╭─ Provided material
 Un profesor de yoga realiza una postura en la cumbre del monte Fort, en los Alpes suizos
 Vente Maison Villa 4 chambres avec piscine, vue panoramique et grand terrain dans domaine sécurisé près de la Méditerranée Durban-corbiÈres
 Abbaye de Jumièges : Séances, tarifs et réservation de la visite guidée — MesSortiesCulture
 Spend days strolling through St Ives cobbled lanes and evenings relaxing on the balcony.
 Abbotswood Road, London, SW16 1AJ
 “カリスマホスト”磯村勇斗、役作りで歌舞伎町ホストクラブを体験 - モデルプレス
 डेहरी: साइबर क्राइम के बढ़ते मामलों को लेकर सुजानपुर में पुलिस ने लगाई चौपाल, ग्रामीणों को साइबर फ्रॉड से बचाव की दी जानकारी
╰─
What is required - Write out the whole listing again, keeping every character as it is.

Solution to the exercise -
 Un profesor de yoga realiza una postura en la cumbre del monte Fort, en los Alpes suizos
 Vente Maison Villa 4 chambres avec piscine, vue panoramique et grand terrain dans domaine sécurisé près de la Méditerranée Durban-corbiÈres
 Abbaye de Jumièges : Séances, tarifs et réservation de la visite guidée — MesSortiesCulture
 Spend days strolling through St Ives cobbled lanes and evenings relaxing on the balcony.
 Abbotswood Road, London, SW16 1AJ
 “カリスマホスト”磯村勇斗、役作りで歌舞伎町ホストクラブを体験 - モデルプレス
 डेहरी: साइबर क्राइम के बढ़ते मामलों को लेकर सुजानपुर में पुलिस ने लगाई चौपाल, ग्रामीणों को साइबर फ्रॉड से बचाव की दी जानकारी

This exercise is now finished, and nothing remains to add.